- _ACTIVITY_:
Where an image appears in the data, omit it and reproduce the rest exactly.

- _DATA SHOWN_:
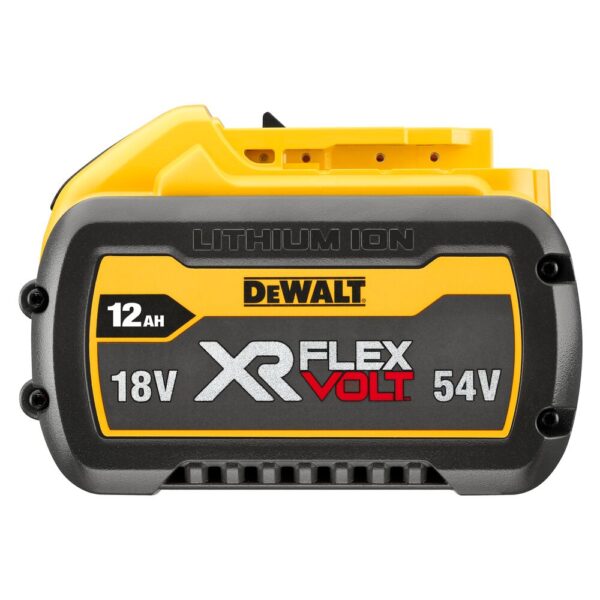 DeWalt Flexvolt akumulator 1854V 12,0Ah DCB548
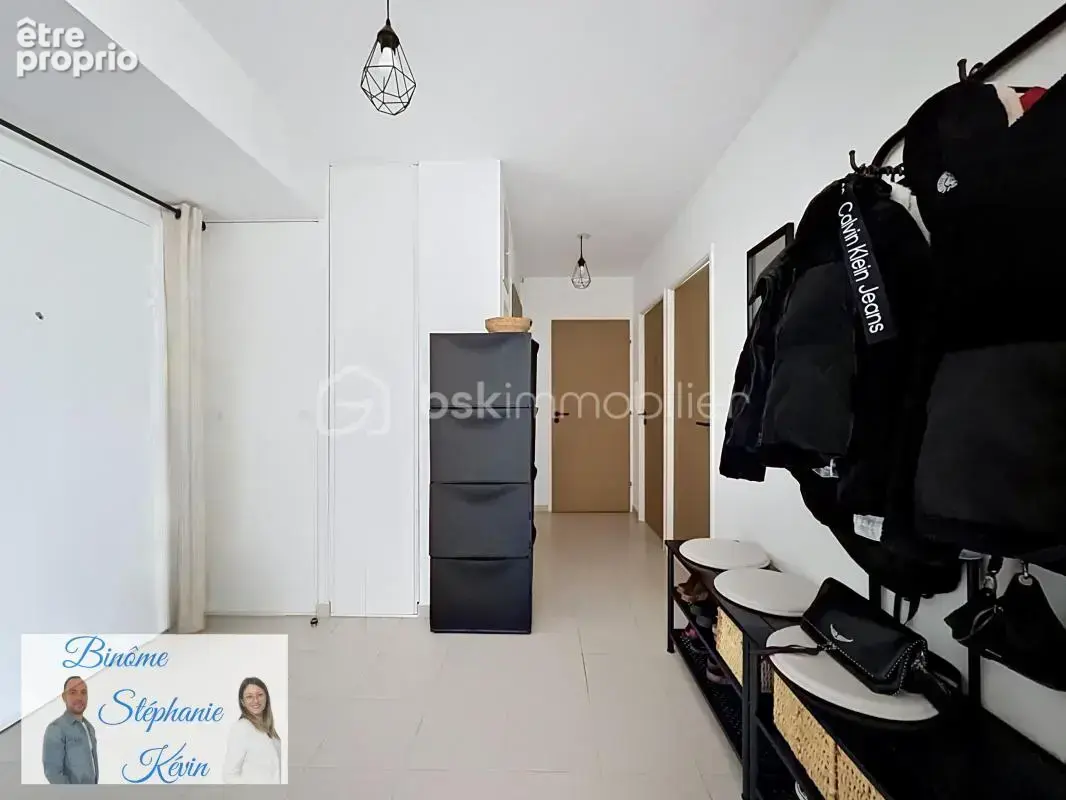  COURNONSEC – Charmant appartement avec jardin  - photo 5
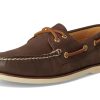 Men's Gold Authentic Original 2-Eye Boat Shoe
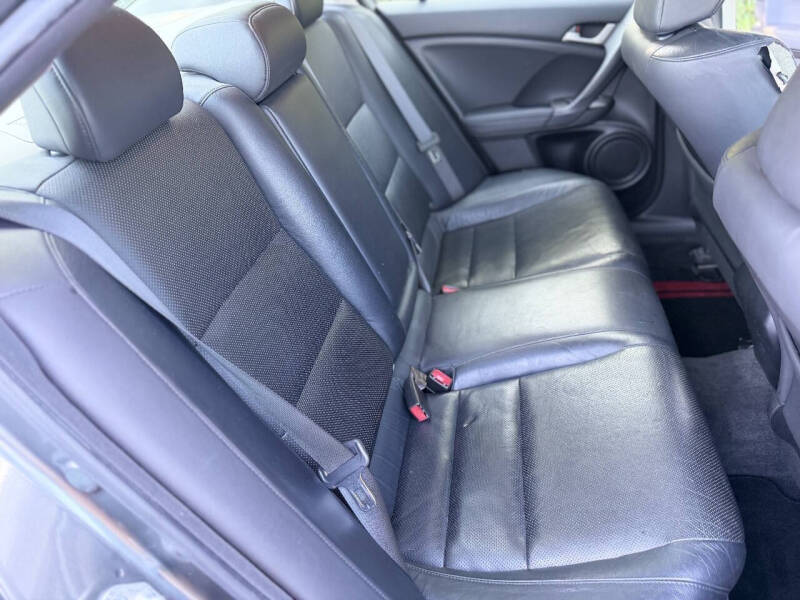2009 Acura TSX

- _EXERCISE OUTPUT_:
 DeWalt Flexvolt akumulator 1854V 12,0Ah DCB548
  COURNONSEC – Charmant appartement avec jardin  - photo 5
 Men's Gold Authentic Original 2-Eye Boat Shoe
2009 Acura TSX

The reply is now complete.